Et Wallon de déclarer péremptoirement : « La France veut savoir sous quel régime elle doit vivre. » Ainsi Wallon pose la question du régime « Je ne connais, dit-il, que trois formes de Gouvernement : la Monarchie, la République, l'Empire. L'Empire, personne n'a osé vous proposer de le voter. La Monarchie, l'honorable M. de Carayon-Latour en a éloquemment exposé les titres dans le passé et ceux qu'elle pourrait avoir dans l'avenir. Si la Monarchie était [p.330] possible en novembre 1873, pourquoi M. Lucien Brun et ses amis ont-ils voté la loi du 20 novembre? Pourquoi M. de Carayon-Latour a-t-il demandé qu'on ne passât pas à la deuxième délibération de la loi que nous discutons? C'était le moment au contraire de proposer la Monarchie. Pense-t-on qu'elle sera plus possible le 20 novembre 1880? Erreur profonde! On ne fait que perdre des chances en maintenant le provisoire. »

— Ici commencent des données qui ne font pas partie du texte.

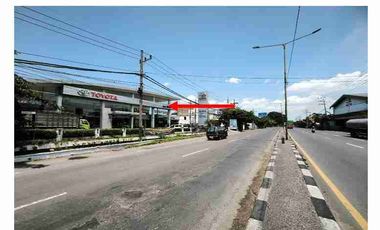Dijual Dua Unit Ex Showroom Toyota Jalan Jenggolo Pucang Sidoarjo dan Jalan Raya Taman Sepanjang Sidoarjo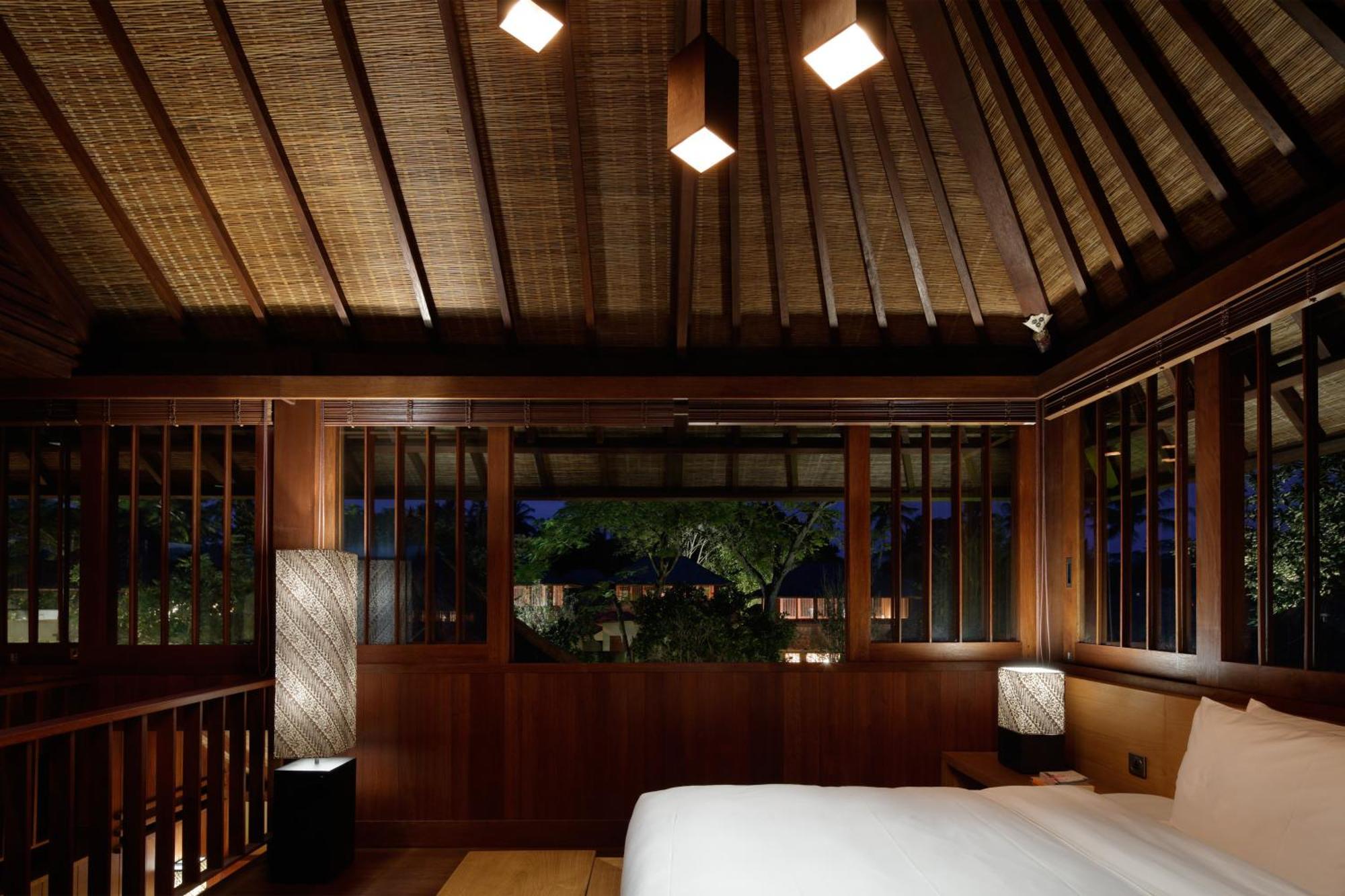 Hoshinoya Bali Hotel Ubud Exterior foto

« Mais, dira-t-on, vous proclamez donc la République? » « Je ne proclame rien, je prends ce qui est, je prends les choses sous le nom que vous avez accepté... Je veux faire que ce Gouvernement, qui est, dure tant que vous ne trouverez pas quelque chose de mieux à faire. » « Si la République ne convient pas à la France, le meilleur moyen d'en finir avec elle c'est de la faire. » D'ailleurs elle profite de tout ce qui se produit de bien et tout ce qui arrive de mal est imputé à ce qu'on ne la proclame pas.

Il faut donc accepter la République. « Ou elle s'affermira avec notre concours et donnera à la France le moyen de se relever... et alors vous ne pourrez que vous réjouir du bien auquel vous aurez participé, ou bien votre concours même sera insuffisant, on trouvera qu'il n'y a pas assez de stabilité dans le pouvoir, que les affaires ne reprennent pas et alors, après une épreuve loyale, le pays, reconnaissant des sacrifices d'opinion que vous aurez faits... sera plus disposé à suivre vos idées, et ce jour-là vous trouverez le concours de ceux qui aujourd'hui ont une autre opinion. »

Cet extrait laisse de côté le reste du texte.